ぱちぱちと送られる暖かな拍手に、双子は頭を起こして見つめあい、ぎゅっと熱い抱擁を交わす。
「クリスの、おかげ……っっ」
「ううん……。ヴィヴィが、頑張ったんだよ……」
そう囁き合った双子は、抱擁を緩めて互いの嬉しそうな表情を確認すると、また強くハグしたのだった。
「よっし! これで双子は取材規制撤廃よね? どんどんじゃんじゃん、マスコミ露出、して貰うからね? 後、今シーズンのアイスショー、全部休んだんだから、来シーズン、馬車馬のように働いて貰うから! 覚悟しておいてね?」
そんな恐ろしい事を発してきたスケ連スタッフの隣で、牧野マネージャーも「うんうん」と大きく頷いて同意している。
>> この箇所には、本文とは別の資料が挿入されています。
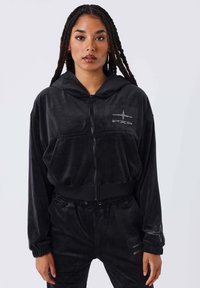 Sudadera corta de terciopelo negro con cierre de cremallera, bolsillos frontales, dobladillo acanalado y diseño de logo de estrella. Combinada con pantalones jogger de terciopelo a juego.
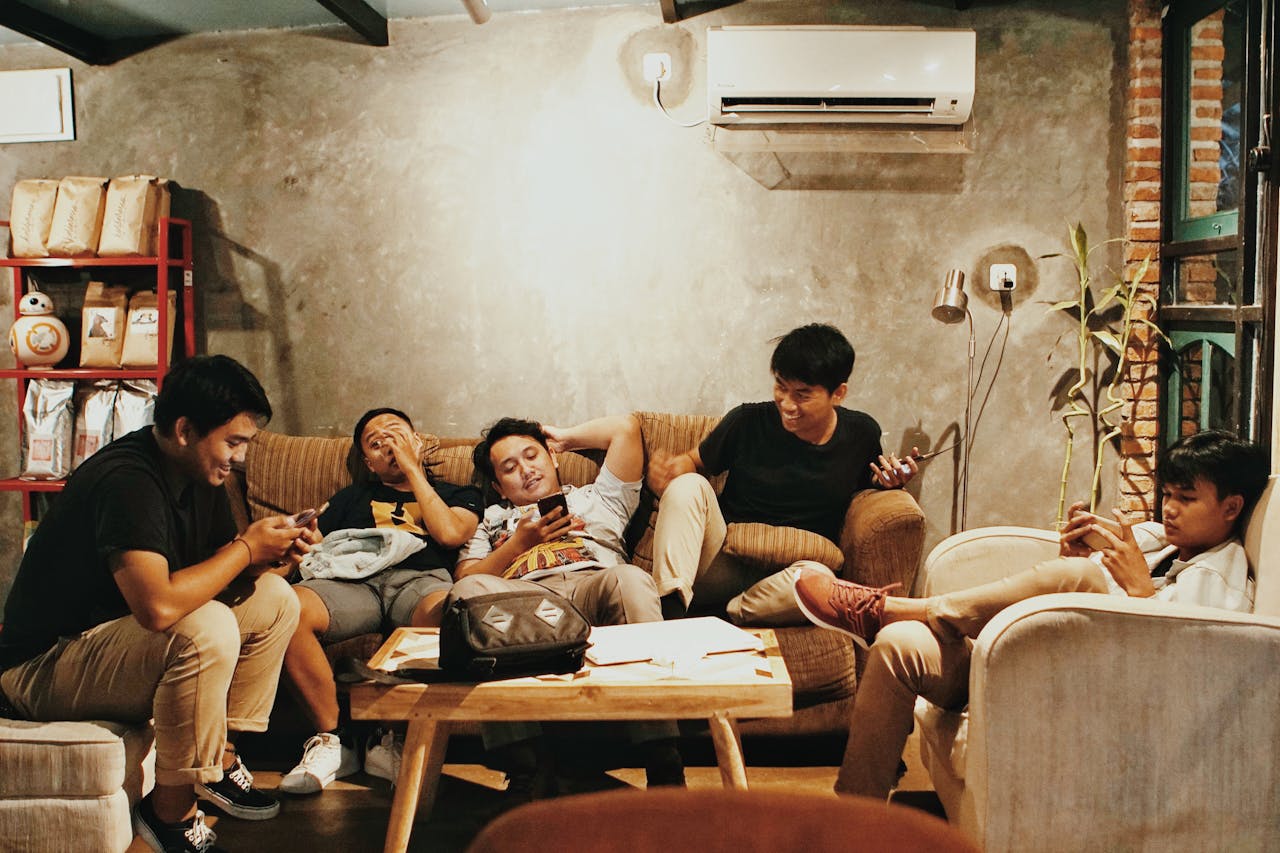 contact-header Five young men relaxing indoors, chatting and using phones in a Jakarta café.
「え、えっと……。ヴィヴィ達、大学進学しても、結構勉強、大変だと思うんですけど……」
なにせ天下の東大だ。
入学したら遊び呆ける、何て事はありえなくて。
将来希望の学部に進む為には、常にトップグループの成績を維持しておく必要があった。
「知りません、聴こえません、存じ上げません。とにかく明日大学へ行って、 “双子の東大合格” をマスコミに露出していいか、許可取って来なさい。さあ~~てっ これから忙しくなるわねぇ~?」
話を一方的に打ち切って、スケ連本部へと電話しに行ってしまった彼女に、双子は呆気に取られたのだった。
ランチを挟み、昼過ぎまでレッスンを受けた双子は、その足でBSTへ合格報告に向かった。
担任をはじめ、もう教諭陣は大喜びで。
館内放送で呼び出された幼稚舎~高等部の教職陣に、盛大に祝って頂いた。
学園長は「う、うちから、2名も東大生が……っ」と、終始呆けていたのだった。